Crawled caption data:
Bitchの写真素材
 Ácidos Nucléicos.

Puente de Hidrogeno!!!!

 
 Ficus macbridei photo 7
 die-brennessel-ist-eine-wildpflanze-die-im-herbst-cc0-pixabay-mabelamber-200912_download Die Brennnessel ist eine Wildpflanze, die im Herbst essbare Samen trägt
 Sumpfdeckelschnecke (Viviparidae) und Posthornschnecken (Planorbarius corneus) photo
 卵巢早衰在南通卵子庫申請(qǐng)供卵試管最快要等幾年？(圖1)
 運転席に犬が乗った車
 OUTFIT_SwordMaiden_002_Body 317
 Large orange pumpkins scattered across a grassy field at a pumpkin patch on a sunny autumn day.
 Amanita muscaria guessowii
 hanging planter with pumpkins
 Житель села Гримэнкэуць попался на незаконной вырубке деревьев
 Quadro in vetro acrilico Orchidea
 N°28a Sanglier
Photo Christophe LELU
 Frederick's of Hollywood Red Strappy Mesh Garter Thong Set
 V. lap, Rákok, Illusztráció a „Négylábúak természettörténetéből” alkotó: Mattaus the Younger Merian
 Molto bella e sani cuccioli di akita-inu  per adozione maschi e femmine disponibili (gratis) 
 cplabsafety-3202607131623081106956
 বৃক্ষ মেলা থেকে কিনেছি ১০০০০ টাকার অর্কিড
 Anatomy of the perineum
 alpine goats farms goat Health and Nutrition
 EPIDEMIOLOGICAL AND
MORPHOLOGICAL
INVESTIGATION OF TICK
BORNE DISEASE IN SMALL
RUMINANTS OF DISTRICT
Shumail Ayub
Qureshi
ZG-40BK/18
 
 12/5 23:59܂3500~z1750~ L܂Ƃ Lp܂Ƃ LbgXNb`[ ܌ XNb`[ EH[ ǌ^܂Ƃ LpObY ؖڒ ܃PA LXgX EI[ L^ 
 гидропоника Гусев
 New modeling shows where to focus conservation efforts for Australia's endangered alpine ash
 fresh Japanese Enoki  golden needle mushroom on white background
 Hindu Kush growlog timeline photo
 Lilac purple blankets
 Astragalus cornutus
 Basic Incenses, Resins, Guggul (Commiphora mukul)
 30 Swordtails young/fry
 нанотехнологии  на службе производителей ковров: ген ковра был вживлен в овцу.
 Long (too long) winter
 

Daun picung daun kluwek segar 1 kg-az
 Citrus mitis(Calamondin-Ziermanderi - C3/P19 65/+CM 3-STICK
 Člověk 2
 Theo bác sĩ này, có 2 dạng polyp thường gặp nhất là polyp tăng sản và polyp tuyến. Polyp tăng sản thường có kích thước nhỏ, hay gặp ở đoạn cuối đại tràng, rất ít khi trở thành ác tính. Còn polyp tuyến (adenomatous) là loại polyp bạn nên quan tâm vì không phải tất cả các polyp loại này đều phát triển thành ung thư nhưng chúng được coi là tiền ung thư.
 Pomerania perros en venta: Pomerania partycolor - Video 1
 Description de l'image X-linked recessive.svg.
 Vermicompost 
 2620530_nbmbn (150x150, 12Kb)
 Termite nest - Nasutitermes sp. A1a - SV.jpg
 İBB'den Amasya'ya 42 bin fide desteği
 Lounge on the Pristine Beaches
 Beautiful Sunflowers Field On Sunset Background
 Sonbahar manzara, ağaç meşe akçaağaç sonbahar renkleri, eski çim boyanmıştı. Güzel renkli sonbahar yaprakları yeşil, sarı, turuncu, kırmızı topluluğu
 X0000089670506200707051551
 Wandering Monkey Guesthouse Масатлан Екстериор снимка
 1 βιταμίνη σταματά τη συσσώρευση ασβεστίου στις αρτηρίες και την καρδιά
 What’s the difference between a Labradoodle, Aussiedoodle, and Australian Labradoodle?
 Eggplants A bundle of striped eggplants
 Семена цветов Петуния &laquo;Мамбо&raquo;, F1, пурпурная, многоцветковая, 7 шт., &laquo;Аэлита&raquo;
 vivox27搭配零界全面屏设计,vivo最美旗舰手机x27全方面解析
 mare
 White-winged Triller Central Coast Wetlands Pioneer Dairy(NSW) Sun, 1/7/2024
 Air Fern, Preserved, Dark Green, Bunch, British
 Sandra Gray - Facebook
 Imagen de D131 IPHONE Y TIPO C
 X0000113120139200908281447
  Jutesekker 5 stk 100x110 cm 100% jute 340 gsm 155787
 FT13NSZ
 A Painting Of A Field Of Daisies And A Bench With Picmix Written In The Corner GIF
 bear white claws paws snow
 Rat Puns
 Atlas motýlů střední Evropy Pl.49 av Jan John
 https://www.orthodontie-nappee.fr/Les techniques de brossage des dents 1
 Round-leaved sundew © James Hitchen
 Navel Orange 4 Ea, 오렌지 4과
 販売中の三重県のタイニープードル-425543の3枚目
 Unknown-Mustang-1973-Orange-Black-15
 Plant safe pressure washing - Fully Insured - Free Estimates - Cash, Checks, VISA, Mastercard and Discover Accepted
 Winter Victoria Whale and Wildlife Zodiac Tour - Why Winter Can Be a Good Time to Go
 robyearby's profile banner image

### How to complete this task
Work through the data above line by line and give the number of lines in which "pumpkins" occurs. Add nothing else.

### Exercise response
2